Department of Computer Science and Engineering and Center for Cognitive Science, The Ohio State University, Columbus, Ohio 43210, USA.
J Acoust Soc Am. 2013 May;133(5):3083-93. doi: 10.1121/1.4798661.
Processing noisy signals using the ideal binary mask improves automatic speech recognition (ASR) performance. This paper presents the first study that investigates the role of binary mask patterns in ASR under various noises, signal-to-noise ratios (SNRs), and vocabulary sizes. Binary masks are computed either by comparing the SNR within a time-frequency unit of a mixture signal with a local criterion (LC), or by comparing the local target energy with the long-term average spectral energy of speech. ASR results show that (1) akin to human speech recognition, binary masking significantly improves ASR performance even when the SNR is as low as -60 dB; (2) the ASR performance profiles are qualitatively similar to those obtained in human intelligibility experiments; (3) the difference between the LC and mixture SNR is more correlated to the recognition accuracy than LC; (4) LC at which the performance peaks is lower than 0 dB, which is the threshold that maximizes the SNR gain of processed signals. This broad agreement with human performance is rather surprising. The results also indicate that maximizing the SNR gain is probably not an appropriate goal for improving either human or machine recognition of noisy speech.

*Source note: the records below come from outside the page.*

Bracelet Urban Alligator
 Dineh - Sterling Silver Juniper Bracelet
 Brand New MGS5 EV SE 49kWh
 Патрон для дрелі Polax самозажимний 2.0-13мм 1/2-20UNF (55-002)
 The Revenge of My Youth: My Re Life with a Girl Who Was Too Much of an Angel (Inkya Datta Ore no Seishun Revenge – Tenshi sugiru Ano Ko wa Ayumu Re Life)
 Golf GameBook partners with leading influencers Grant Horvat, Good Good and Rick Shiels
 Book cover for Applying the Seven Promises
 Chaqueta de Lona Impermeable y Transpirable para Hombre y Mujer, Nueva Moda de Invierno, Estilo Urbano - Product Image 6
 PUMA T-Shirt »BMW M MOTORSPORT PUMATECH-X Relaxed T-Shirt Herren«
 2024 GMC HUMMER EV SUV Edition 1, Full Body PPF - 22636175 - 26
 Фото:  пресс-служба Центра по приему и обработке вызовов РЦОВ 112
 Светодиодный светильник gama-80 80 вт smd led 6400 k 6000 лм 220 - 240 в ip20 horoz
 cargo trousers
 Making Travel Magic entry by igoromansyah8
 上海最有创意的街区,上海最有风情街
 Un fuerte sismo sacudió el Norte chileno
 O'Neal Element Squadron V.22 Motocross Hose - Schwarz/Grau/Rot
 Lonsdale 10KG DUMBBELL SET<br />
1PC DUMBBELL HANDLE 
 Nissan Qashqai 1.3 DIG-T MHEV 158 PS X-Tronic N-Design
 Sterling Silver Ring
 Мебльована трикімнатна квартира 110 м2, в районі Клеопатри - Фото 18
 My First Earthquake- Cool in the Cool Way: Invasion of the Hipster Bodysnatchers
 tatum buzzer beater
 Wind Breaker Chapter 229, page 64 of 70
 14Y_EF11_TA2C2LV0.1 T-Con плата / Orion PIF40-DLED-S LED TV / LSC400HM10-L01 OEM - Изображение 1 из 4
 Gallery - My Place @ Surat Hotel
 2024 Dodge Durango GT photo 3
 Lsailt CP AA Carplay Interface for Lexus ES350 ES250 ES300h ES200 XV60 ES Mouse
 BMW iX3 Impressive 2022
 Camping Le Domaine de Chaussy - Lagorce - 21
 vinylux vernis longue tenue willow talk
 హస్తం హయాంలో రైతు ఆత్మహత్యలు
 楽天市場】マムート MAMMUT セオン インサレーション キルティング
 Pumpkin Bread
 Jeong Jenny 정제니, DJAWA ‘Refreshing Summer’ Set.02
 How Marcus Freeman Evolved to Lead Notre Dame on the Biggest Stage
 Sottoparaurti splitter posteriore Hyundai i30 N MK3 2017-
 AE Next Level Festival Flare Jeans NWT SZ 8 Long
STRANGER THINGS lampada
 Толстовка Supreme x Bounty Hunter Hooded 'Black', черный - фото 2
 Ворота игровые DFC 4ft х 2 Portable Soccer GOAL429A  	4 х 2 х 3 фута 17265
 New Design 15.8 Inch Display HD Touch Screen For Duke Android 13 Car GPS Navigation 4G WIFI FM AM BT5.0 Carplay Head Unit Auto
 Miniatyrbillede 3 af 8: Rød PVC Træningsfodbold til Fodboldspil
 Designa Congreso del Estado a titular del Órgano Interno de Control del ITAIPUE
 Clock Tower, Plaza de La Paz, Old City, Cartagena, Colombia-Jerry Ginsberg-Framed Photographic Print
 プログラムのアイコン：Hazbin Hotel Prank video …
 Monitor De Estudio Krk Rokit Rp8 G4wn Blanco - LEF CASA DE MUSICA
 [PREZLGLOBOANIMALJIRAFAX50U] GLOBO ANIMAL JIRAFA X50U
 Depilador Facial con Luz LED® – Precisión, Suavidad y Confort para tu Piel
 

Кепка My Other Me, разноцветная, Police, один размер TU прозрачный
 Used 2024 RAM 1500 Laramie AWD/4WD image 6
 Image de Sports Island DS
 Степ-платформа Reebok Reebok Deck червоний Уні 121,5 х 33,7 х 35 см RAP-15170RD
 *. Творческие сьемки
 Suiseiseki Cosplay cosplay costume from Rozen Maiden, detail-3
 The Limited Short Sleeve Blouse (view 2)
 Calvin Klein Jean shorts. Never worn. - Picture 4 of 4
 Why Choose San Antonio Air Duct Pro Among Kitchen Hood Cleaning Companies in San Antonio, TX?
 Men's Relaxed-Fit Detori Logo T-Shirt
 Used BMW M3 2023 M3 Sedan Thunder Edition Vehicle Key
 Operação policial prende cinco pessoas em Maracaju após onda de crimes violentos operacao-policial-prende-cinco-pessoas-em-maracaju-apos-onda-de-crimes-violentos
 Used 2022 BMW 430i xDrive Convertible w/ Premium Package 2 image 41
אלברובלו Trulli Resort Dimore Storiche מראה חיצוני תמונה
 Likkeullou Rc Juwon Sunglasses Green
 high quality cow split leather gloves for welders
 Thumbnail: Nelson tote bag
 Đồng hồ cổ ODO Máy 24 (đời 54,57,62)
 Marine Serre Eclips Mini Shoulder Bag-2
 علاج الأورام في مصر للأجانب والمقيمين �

使用理想二进制掩蔽处理噪声信号可以提高自动语音识别 (ASR) 的性能。本文首次研究了在不同噪声、信噪比 (SNR) 和词汇量下,二进制掩蔽模式在 ASR 中的作用。二进制掩蔽可以通过将混合信号的时频单元内的 SNR 与局部准则 (LC) 进行比较,或者通过将局部目标能量与语音的长期平均谱能量进行比较来计算。ASR 结果表明:(1)与人类语音识别类似,即使 SNR 低至-60dB,二进制掩蔽也能显著提高 ASR 性能;(2)ASR 性能曲线与人类可懂度实验获得的结果定性相似;(3)性能峰值处的 LC 与 SNR 的差异与识别准确性的相关性高于 LC;(4)性能峰值处的 LC 低于 0dB,这是处理后信号的 SNR 增益最大化的阈值。这与人类表现的广泛一致性令人惊讶。结果还表明,最大化 SNR 增益可能不是提高人类或机器对噪声语音识别的合适目标。